(Image-text web data)

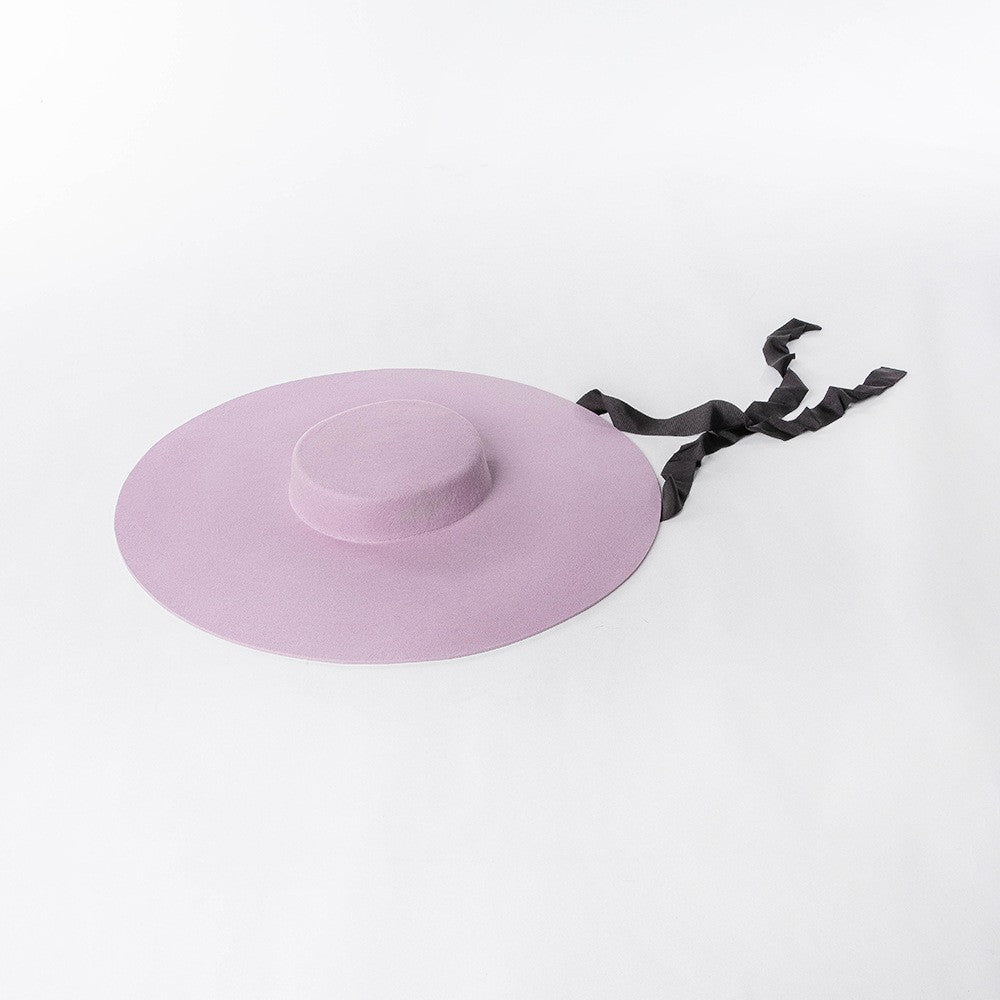Chapéu de feltro de lã de 4cm de altura, aba grande de 15cm, chapéu fedora de copa rasa para homens e mulheres, chapéu de aba grande novo.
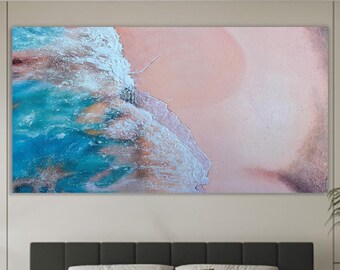 Textured Blue Ocean Painting on Canvas, 3D Wall Art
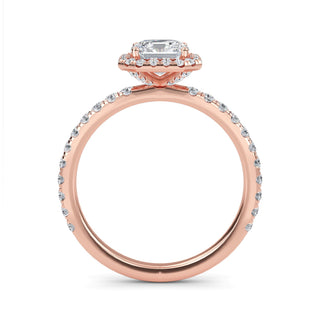 Asscher Cut Halo Pavé Engagement Ring 1.0 ct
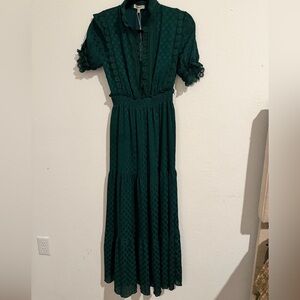 Max Studio Dark Green Long Sleeve Dress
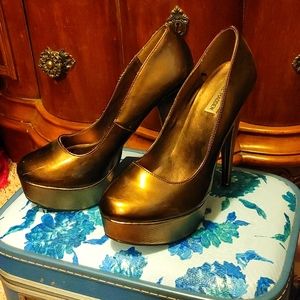 Bronze Platform Heels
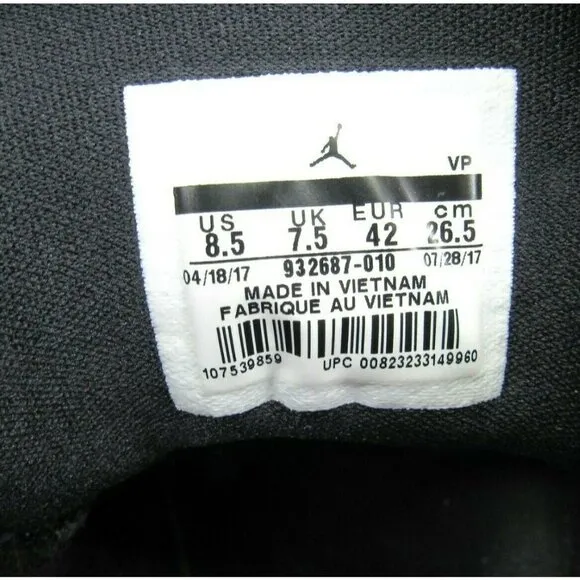 Jordan‎ Jumpman Pro Quick Mens 8.5 Basketball Shoes 932687-010 High Tops Black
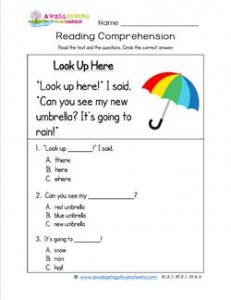 Kindergarten Reading Comprehension - Look Up Here!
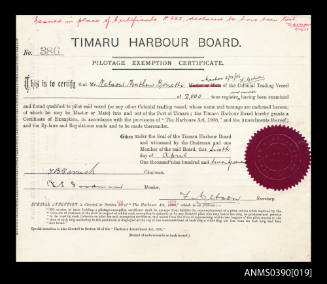 CERTIFICATE.  TIMARU HARBOUR BOARD.  PILOTAGE EXEMPTION CERTIFICATE.  1927.  INK ON PAPER.  CERIFICATE NO. 386.  BLACK PRINTING WITH BLACK AND SOME RED HANDWRITING, AND A RED TIMARU HARBOUR BOARD COMMON SEAL ON RIGHT SIDE.  PRESENTED TO "Nelson Matthew Bo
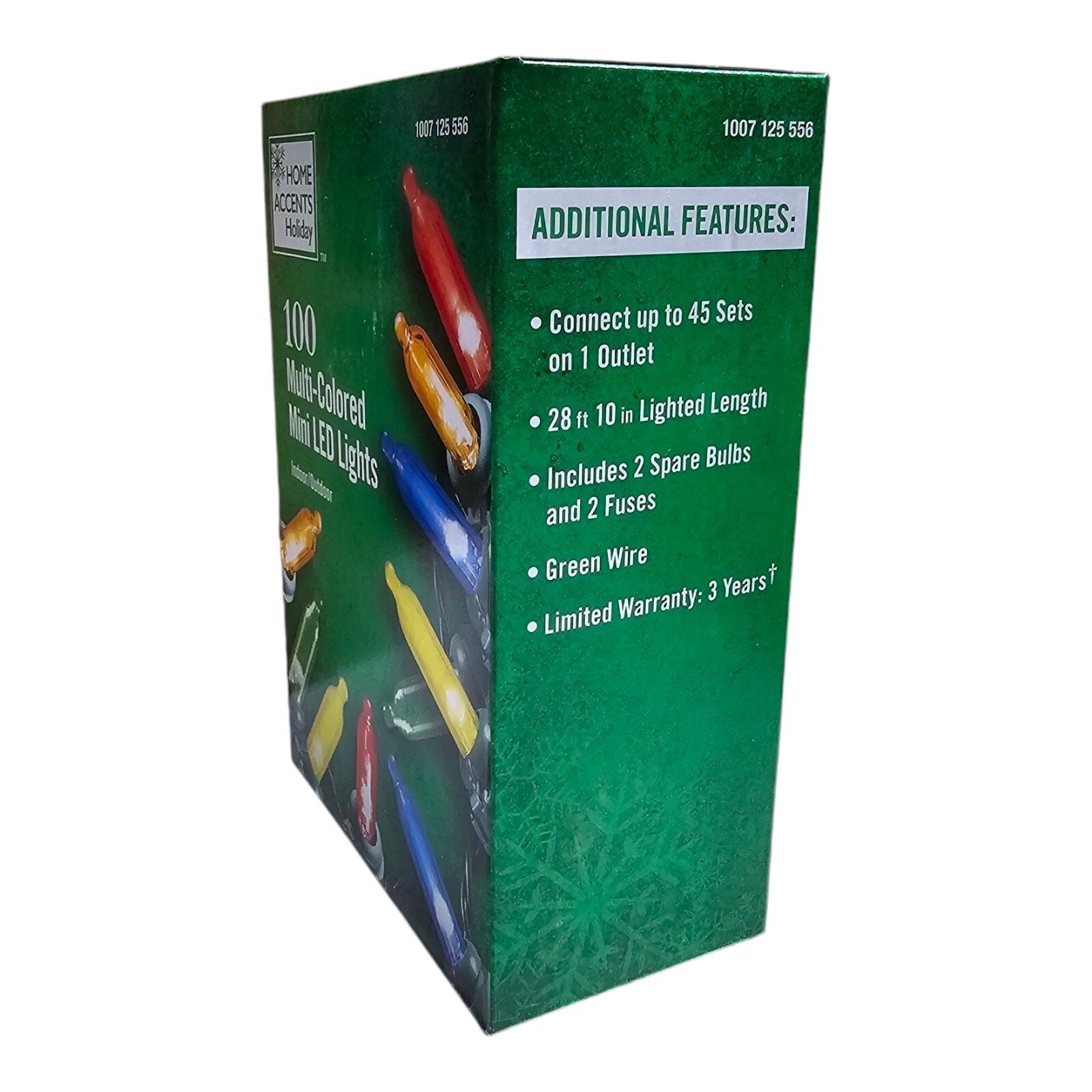 2x Home Accents 100 Multi Colored Mini LED Lights Indoor/Outdoor - Green Wire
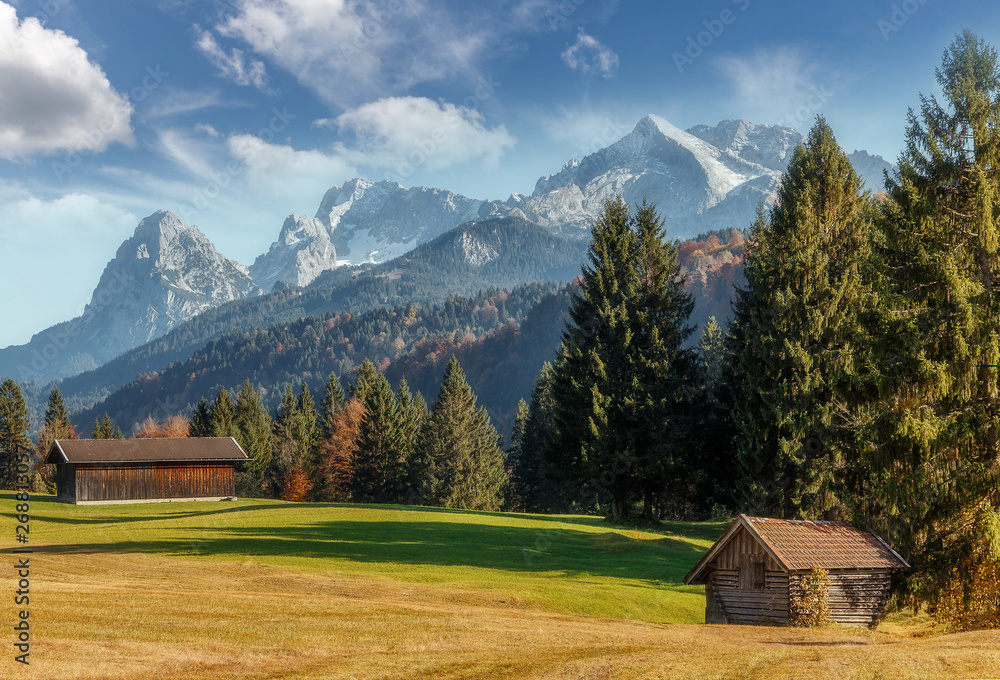 Wonderful Summer Landscape in Bavarian Alps with perfect sky. Awesome Alpine Highlands in Autumn in Sunny day . Amazing Nature Scene With Alpine valley and Zugspitze mountain on Background Wonderful Summer Landscape in Bavarian Alps with perfect sky. Awesome Alpine Highlands in Autumn in Sunny day . Amazing Nature Scene With Alpine valley and Zugspitze mountain on Background
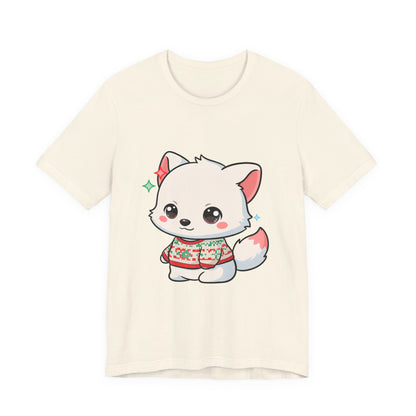 Kawaii Arctic Fox Christmas T-Shirt for Cute Holiday Fans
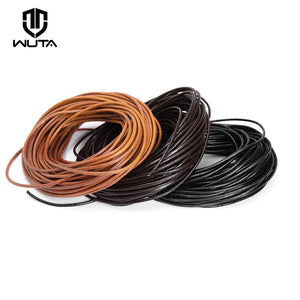 WUTA 2/5 Meters 100% Genuine Leather Cord Round Rope 1.5-6mm Leather Strap Strings Woven Rope Jewelry Necklace Bracelet Lace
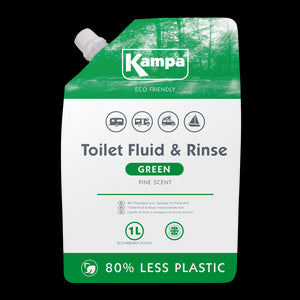 Kampa Eco Friendly Green Toilet Fluid & Rinse 1L Pouch-Tamworth Camping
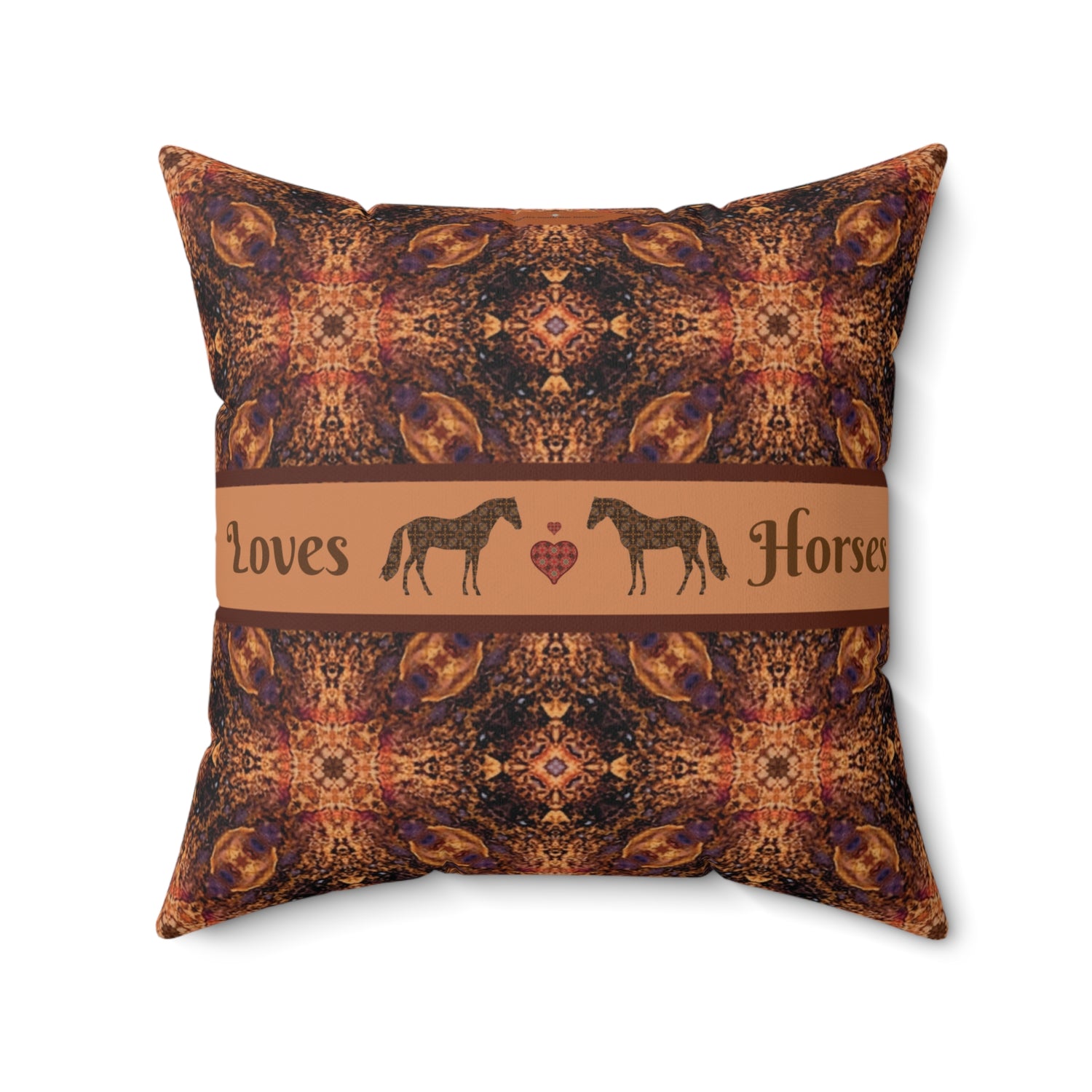 Loves Horses Faux Suede Square Pillow
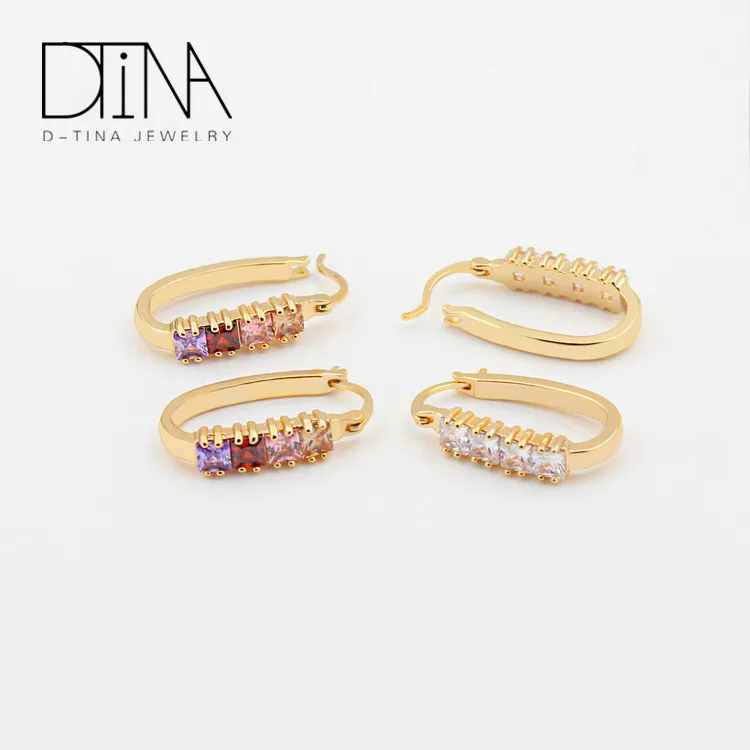 DTINA Shiny Zircon Small Dangle Earrings Multi Color Zircon Goldsmith Tourmaline Women Party Earring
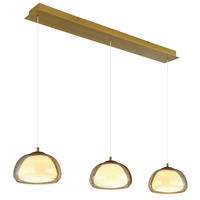 LED-HÄNGELEUCHTE 117/25/150 cm  - Transparent/Goldfarben, Design, Glas/Kunststoff (117/25/150cm) - Globo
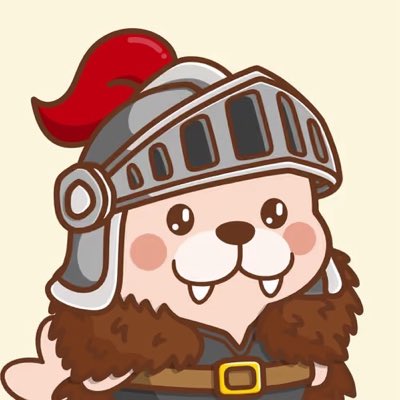 A cartoon illustration depicts a smiling animal character wearing a silver knight's helmet with a red plume and a brown tunic with a belt.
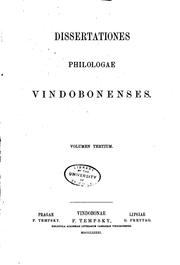Cover of: Dissertationes philologae vindobonenses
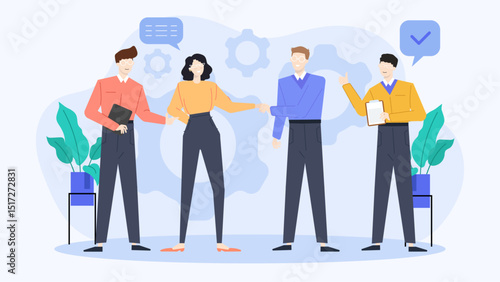 Four businesspeople in a meeting, discussing work strategy. Suitable for presentations, websites, blog articles, and print marketing materials.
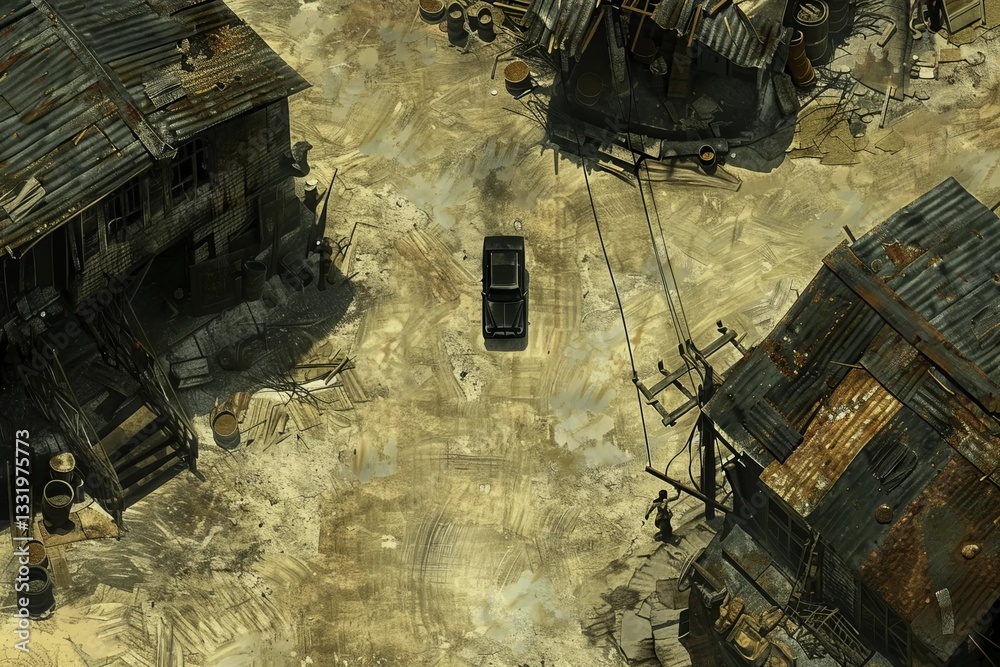 post apocalyptic map, battlemap, rpg map, wasteland map, game map ...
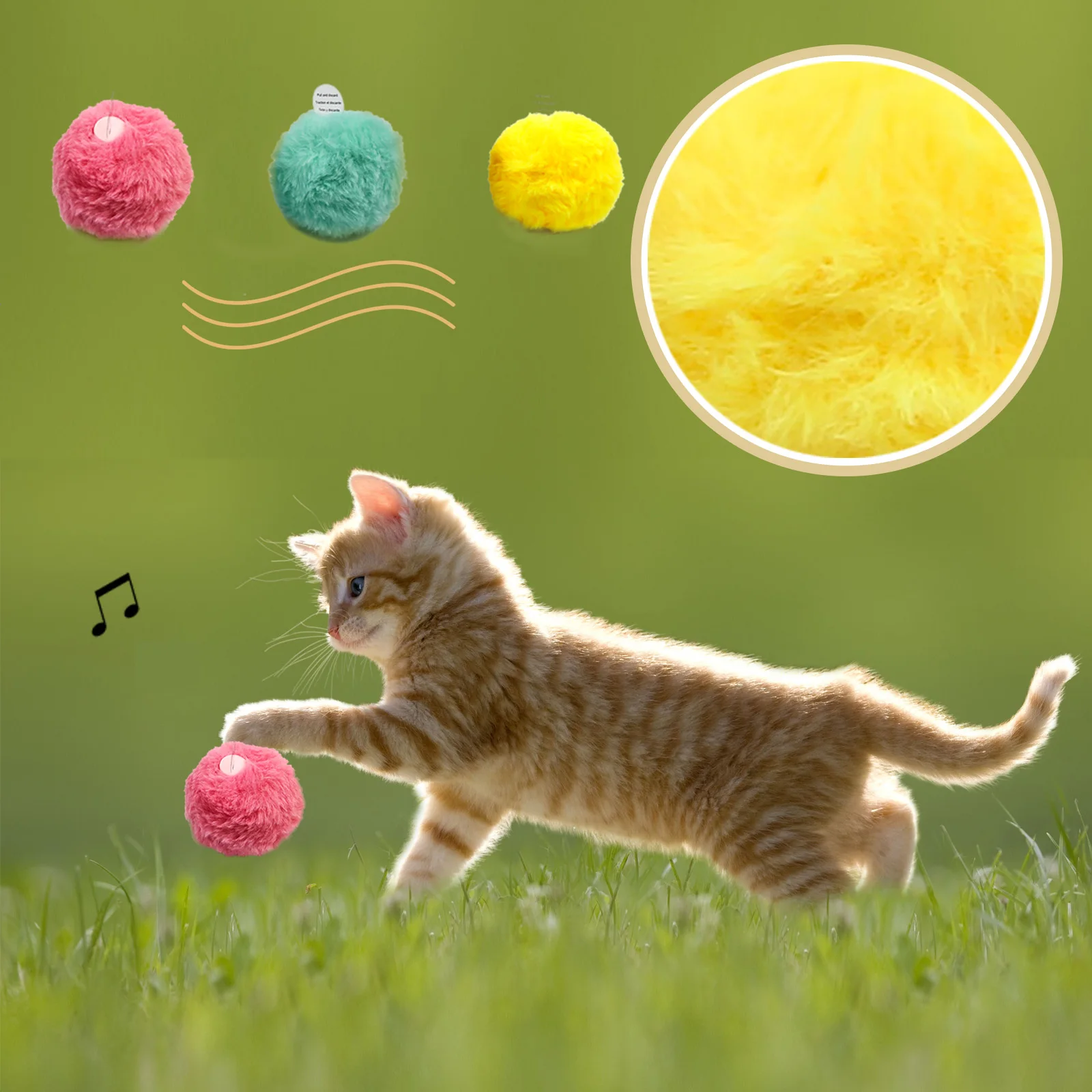 

Interactive Cat Ball Toys Plush Electric Catnip Sound Cat Selfplaying Kitten Toy Pet Ball Pet Supplies Products Toys for Cats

- _Brief_
Would you set down only the lines above from the line with "TIMARU HARBOUR BOARD." to the line with "2x Home Accents", both included, exactly as they stand and without the pictures?

- _Solution_
 CERTIFICATE.  TIMARU HARBOUR BOARD.  PILOTAGE EXEMPTION CERTIFICATE.  1927.  INK ON PAPER.  CERIFICATE NO. 386.  BLACK PRINTING WITH BLACK AND SOME RED HANDWRITING, AND A RED TIMARU HARBOUR BOARD COMMON SEAL ON RIGHT SIDE.  PRESENTED TO "Nelson Matthew Bo
 2x Home Accents 100 Multi Colored Mini LED Lights Indoor/Outdoor - Green Wire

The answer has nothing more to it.